Mikrotik is Awesome
Little known fact, I was a network admin back in the college days. I was a part of the Campus Dorm-net Promotion Association (CDPA) in National Sun-Yet-Sen University, Taiwan. The group is defunct now. But I had my fair share of messing with Juniper, Zyxel, Aruba switches and an Arista router. We are not a full blown ISP, but a subnet of the school's network and provides internet access to students living in droms. While the school's IT provides routing service for all of Taiwan's southern academic institutions. Often times, I feel the gear we have is overkill for the job. We simply need to keep a watch on the ARP table, map flow back to ports and run STP to prevent loops. There's limited HA, no real need for BGP, and we built our own coarse gran QoS and firewall. Our routing is also very simple. 2G of WAN and a few hops to the school's core router.
That's 3 years ago. Recently, I bought myself a Mikrotik CRS310-8G+2S+IN so I can have 10G networking to (research) systems in LAN that can take advantage of it. I am instantly impressed by the feature set and interface of RouterOS. IT GAVE YOU A SANE COMMAND LINE! Gosh! I remember the days when I have to login to a switch, run show running-config
to confirm what's enabled right now the a series of commands:
configure terminal
vlan 1
name VLAN1
exit
interface 1
tagged vlan 1
exit
# After we are sure vlan is working
write memory
Now, I can simply do:
# Enable safe mode in Winbox or hit Ctrl-X in terminal to prevent accidental broken changes
> /interface/vlan/add name=VLAN1 vlan-id=1 interface=ether1
And that's it. 1 line. Same goes for many features that used to be a pain to configure. Split the switch into 2 different bridges (not VLANs), NTP, disabling interfaces, querying the MAC on the other side of the link, etc. All doable at most 4 lines.
What's better, Mikrotik eases the planning pain with their unified feature set across the entire product line. ANY Mikrotik, as long as it runs RouterOS, can switch, route, NAT, firewall, VPN, DHCP, BGP, IPSec, you name it. RouterOS licensing is also dead simple. All RouterOS licenses gives you the full feature set. Just with a higher limit on the number of connections as the level increases. Mikrotik is also very generous with their licensing. My CRS310 comes with a Level 5 license. Which is more then enough for my entire home network, several times.

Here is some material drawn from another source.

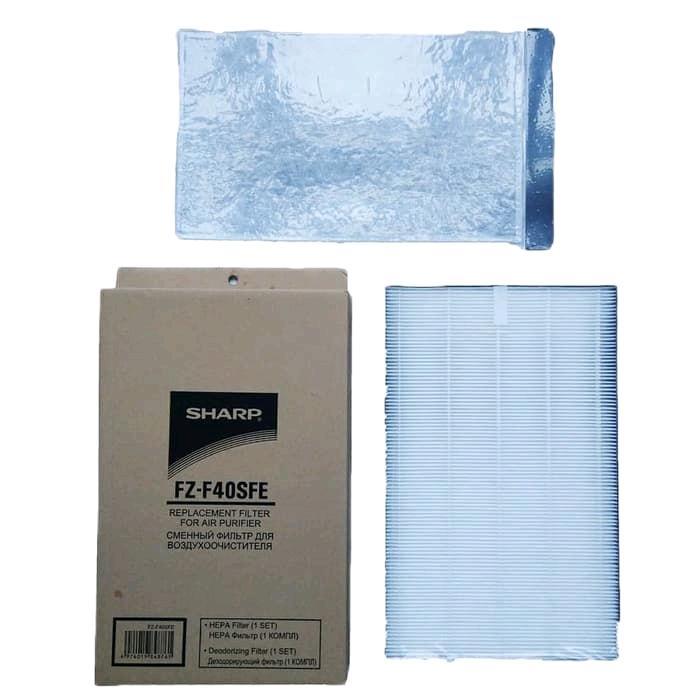 Filter Sharp Fz-F40Sfe Untuk Air Purifier Fp-Fm40Y-B Fp-F40Y-B Fp-F40Y-W Fp-F40Y-T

Sure, features may not be offloaded to hardware. Or be damn slow because you try to route on a 400MHz CPU. But it will work. There's no surprises of "oh the specific flag is not supported on this model, get the next one up" and having to delay the project.
On the other hand, with other vendors, good luck getting BGP or Wireguard on entry level gear. You have to pay for the "Enterprise" line. And even then, you may have to pay for a license to enable the feature. And the license may be several Mikrotik's worth. Cost sensitive projects would just throw in a server or 2 at this point. Which back in CDPA, we had an entire cluster to pick up jobs that we can't afford to run on network gears.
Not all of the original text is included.